··· EXERCISE DATA

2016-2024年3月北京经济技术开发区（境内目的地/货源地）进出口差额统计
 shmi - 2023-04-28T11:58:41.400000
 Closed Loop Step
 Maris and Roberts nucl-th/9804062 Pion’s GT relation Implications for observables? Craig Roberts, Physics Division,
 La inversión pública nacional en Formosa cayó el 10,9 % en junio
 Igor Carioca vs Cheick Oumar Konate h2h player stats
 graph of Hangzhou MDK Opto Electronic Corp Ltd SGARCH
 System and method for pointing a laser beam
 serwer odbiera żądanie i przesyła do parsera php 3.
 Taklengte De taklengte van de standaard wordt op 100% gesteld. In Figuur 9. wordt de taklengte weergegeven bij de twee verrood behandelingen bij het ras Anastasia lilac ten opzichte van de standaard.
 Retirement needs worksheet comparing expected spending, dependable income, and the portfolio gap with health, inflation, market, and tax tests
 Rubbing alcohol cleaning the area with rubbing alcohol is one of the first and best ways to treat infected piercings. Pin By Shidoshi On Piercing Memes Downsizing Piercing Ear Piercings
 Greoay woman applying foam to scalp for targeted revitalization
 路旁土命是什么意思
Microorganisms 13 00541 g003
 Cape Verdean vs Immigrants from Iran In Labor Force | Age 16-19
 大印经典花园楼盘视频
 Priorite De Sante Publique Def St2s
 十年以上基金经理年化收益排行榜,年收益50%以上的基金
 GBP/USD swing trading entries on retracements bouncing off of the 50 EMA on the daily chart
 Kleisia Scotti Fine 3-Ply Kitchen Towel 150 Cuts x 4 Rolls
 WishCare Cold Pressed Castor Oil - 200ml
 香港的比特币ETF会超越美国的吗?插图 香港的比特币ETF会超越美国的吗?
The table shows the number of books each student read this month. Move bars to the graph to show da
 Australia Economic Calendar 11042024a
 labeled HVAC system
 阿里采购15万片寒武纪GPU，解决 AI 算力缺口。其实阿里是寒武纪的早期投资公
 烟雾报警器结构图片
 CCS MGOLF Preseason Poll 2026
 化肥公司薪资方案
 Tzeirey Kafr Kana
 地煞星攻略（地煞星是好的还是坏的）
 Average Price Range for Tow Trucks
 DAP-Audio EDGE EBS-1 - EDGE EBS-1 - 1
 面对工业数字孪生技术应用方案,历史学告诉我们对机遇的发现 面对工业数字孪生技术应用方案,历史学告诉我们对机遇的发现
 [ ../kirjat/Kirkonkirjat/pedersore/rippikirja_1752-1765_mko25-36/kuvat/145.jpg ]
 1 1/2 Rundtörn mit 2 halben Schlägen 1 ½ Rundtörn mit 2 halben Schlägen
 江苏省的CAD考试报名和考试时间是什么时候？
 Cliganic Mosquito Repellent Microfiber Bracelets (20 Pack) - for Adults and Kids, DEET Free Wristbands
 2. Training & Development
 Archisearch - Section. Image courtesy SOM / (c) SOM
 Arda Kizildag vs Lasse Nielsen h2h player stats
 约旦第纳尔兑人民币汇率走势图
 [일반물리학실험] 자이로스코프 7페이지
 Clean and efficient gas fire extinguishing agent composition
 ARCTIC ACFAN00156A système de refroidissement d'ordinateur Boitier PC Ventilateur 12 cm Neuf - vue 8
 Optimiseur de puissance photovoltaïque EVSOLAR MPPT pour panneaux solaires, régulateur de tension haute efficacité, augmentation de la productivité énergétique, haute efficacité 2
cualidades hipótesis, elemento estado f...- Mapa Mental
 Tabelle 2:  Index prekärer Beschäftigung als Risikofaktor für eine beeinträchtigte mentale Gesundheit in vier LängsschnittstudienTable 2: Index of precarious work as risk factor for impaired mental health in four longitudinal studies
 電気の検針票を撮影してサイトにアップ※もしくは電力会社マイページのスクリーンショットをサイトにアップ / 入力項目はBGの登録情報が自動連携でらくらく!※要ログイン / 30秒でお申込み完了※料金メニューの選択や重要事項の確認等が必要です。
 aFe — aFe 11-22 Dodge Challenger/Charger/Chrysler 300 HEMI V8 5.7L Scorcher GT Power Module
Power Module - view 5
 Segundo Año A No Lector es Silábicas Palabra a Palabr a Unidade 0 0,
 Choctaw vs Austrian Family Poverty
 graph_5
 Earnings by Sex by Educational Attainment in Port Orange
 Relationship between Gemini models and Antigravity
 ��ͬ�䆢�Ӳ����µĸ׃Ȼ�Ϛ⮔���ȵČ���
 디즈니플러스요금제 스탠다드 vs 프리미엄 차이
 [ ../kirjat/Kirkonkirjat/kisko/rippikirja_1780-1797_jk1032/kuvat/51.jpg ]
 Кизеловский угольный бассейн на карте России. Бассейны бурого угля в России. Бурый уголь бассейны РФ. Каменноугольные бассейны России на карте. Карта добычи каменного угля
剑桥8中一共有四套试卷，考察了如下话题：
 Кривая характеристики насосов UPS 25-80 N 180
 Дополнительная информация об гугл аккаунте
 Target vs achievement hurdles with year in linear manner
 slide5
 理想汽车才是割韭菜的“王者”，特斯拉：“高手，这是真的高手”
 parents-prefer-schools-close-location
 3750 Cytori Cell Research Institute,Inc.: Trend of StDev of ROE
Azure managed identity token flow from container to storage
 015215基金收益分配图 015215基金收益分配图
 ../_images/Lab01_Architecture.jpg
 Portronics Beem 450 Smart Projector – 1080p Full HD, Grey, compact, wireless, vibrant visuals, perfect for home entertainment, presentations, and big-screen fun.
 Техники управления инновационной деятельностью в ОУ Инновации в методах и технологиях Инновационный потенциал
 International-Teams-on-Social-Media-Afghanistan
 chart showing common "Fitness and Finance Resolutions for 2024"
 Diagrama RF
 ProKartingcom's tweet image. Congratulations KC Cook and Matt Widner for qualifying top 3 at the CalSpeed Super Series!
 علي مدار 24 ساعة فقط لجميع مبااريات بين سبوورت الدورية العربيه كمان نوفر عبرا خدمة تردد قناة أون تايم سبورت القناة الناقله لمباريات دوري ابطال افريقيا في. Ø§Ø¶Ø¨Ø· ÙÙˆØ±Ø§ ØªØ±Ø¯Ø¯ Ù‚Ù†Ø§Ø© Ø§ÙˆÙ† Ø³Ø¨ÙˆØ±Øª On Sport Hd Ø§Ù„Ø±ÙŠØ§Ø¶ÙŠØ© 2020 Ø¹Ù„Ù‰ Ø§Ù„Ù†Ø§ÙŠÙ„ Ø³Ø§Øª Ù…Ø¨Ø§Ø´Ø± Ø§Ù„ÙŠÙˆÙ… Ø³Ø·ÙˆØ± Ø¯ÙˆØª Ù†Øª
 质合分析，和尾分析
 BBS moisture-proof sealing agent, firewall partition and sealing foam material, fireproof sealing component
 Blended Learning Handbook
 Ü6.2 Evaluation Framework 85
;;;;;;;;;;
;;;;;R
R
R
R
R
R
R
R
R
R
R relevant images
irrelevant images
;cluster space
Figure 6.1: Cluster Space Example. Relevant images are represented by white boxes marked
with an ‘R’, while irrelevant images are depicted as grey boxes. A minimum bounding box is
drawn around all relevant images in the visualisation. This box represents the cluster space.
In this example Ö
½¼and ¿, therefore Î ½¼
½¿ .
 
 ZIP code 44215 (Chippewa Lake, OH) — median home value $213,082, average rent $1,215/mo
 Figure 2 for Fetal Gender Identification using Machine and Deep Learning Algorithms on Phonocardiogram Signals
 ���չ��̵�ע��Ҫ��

······

THE TASK: Using the entries above, say how many lines include the word "health", with no other output.

RESPONSE: 2